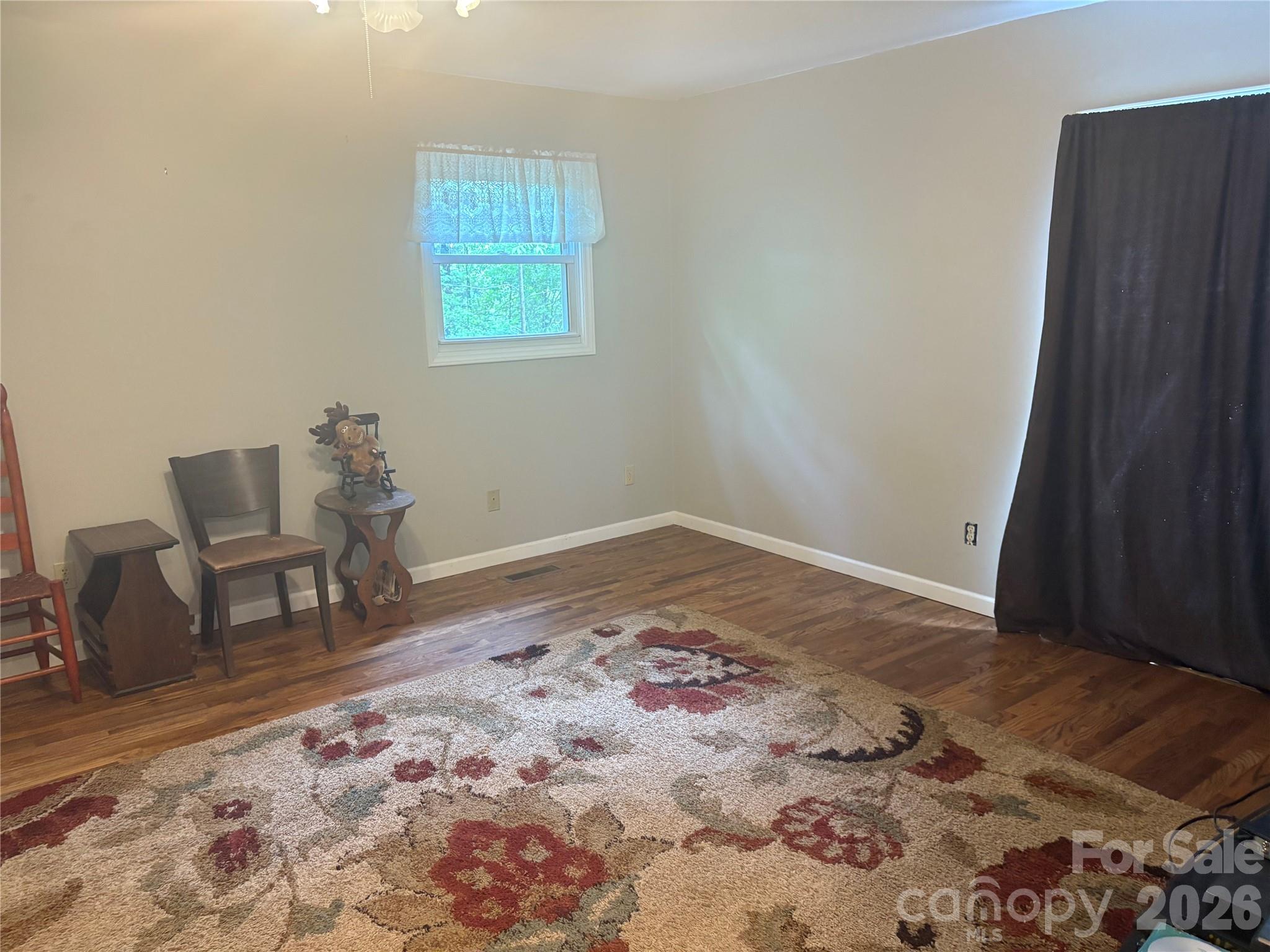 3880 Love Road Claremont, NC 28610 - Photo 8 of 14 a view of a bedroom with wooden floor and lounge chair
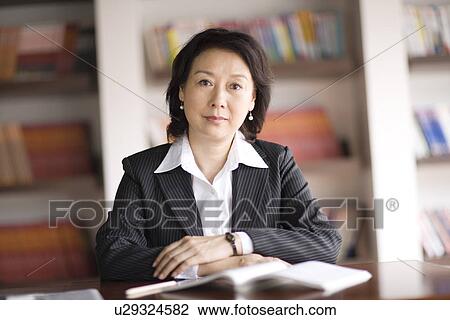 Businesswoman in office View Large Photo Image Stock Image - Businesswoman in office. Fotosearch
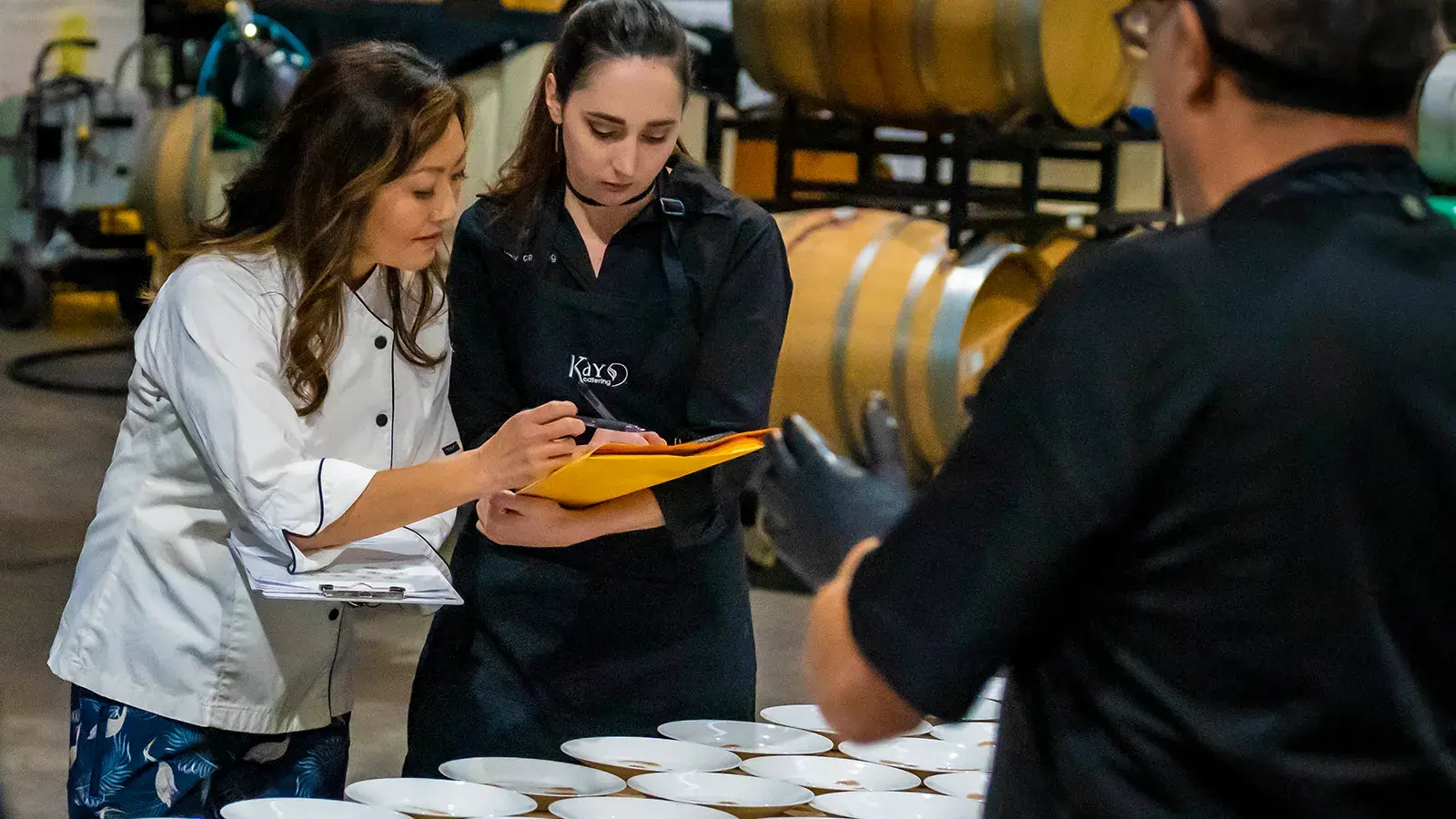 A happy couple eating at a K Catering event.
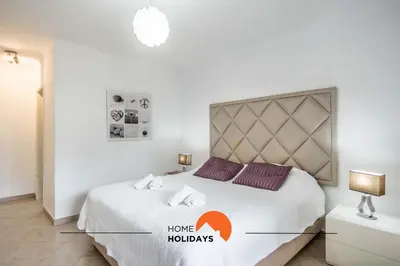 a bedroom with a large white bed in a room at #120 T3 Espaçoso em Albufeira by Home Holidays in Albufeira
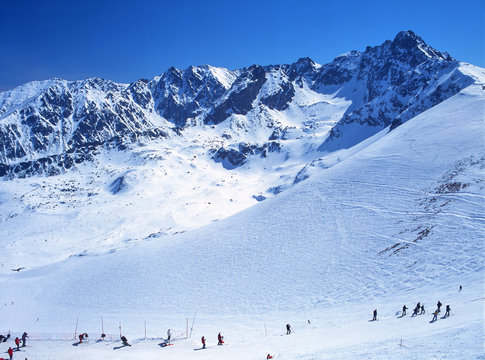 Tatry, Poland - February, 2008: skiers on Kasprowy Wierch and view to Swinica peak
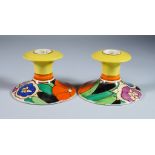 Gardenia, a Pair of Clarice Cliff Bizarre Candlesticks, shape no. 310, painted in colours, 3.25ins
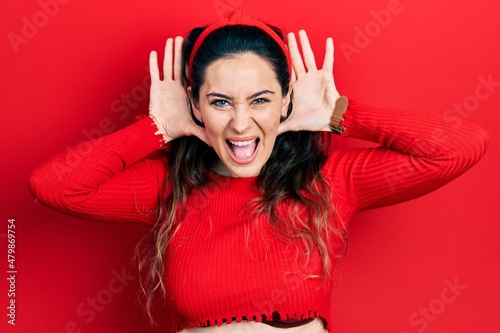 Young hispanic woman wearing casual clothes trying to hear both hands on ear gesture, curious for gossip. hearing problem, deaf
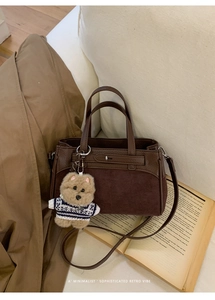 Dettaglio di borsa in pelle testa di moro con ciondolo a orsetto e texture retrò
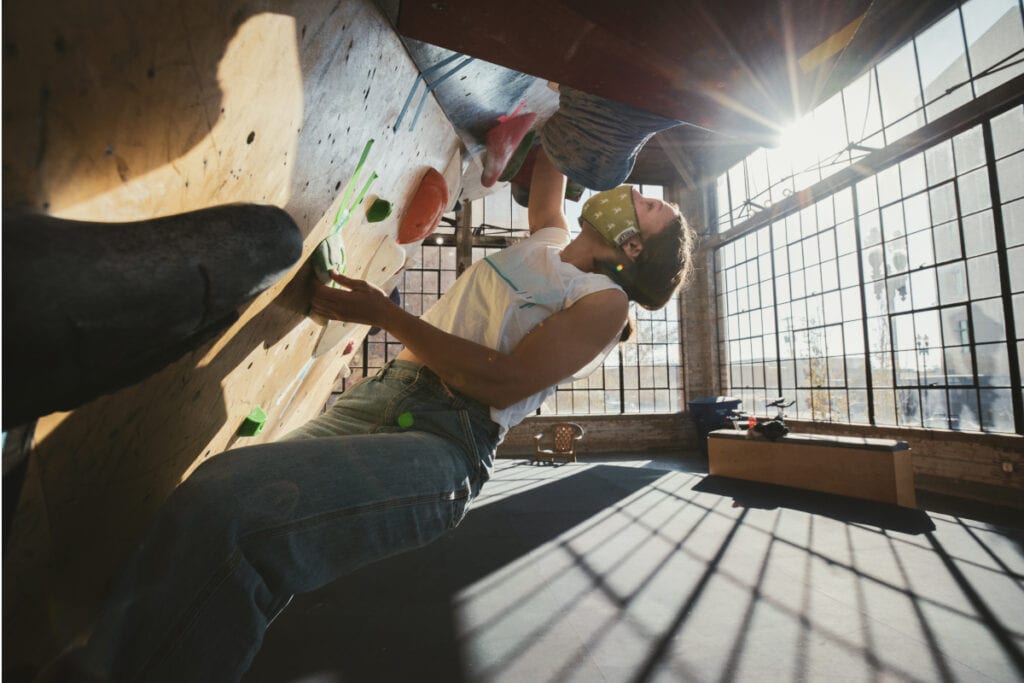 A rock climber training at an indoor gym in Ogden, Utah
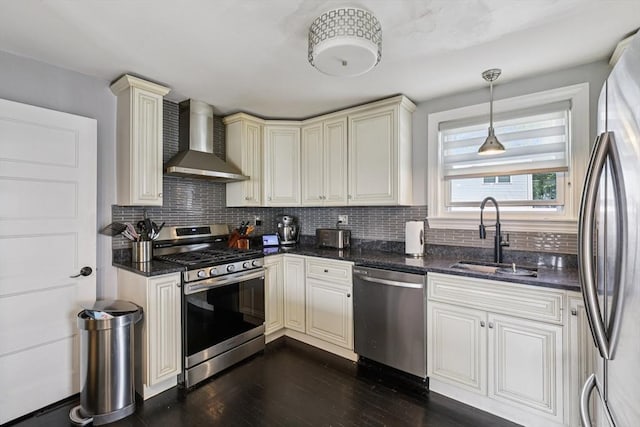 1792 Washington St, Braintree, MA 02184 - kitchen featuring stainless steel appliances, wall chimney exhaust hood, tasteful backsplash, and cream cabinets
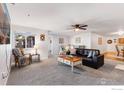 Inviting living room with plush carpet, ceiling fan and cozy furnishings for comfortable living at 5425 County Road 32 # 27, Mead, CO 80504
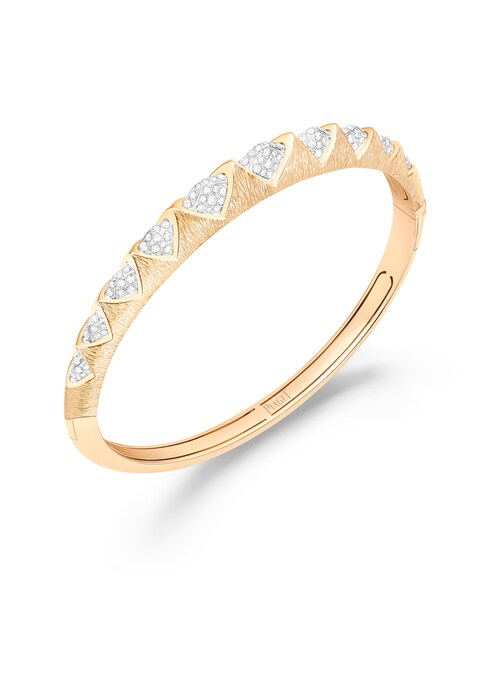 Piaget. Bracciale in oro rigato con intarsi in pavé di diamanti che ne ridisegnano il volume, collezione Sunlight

### Exercise:
All of the data above must be printed exactly, minus its pictures.

### Response area:
 3880 Love Road Claremont, NC 28610 - Photo 8 of 14 a view of a bedroom with wooden floor and lounge chair
 Businesswoman in office View Large Photo Image Stock Image - Businesswoman in office. Fotosearch
 A happy couple eating at a K Catering event.
 a bedroom with a large white bed in a room at #120 T3 Espaçoso em Albufeira by Home Holidays in Albufeira
 Tatry, Poland - February, 2008: skiers on Kasprowy Wierch and view to Swinica peak
 Gardenia, a Pair of Clarice Cliff Bizarre Candlesticks, shape no. 310, painted in colours, 3.25ins
 Young hispanic woman wearing casual clothes trying to hear both hands on ear gesture, curious for gossip. hearing problem, deaf
 Dettaglio di borsa in pelle testa di moro con ciondolo a orsetto e texture retrò
 A rock climber training at an indoor gym in Ogden, Utah
 1792 Washington St, Braintree, MA 02184 - kitchen featuring stainless steel appliances, wall chimney exhaust hood, tasteful backsplash, and cream cabinets
 Inviting living room with plush carpet, ceiling fan and cozy furnishings for comfortable living at 5425 County Road 32 # 27, Mead, CO 80504
 Piaget. Bracciale in oro rigato con intarsi in pavé di diamanti che ne ridisegnano il volume, collezione Sunlight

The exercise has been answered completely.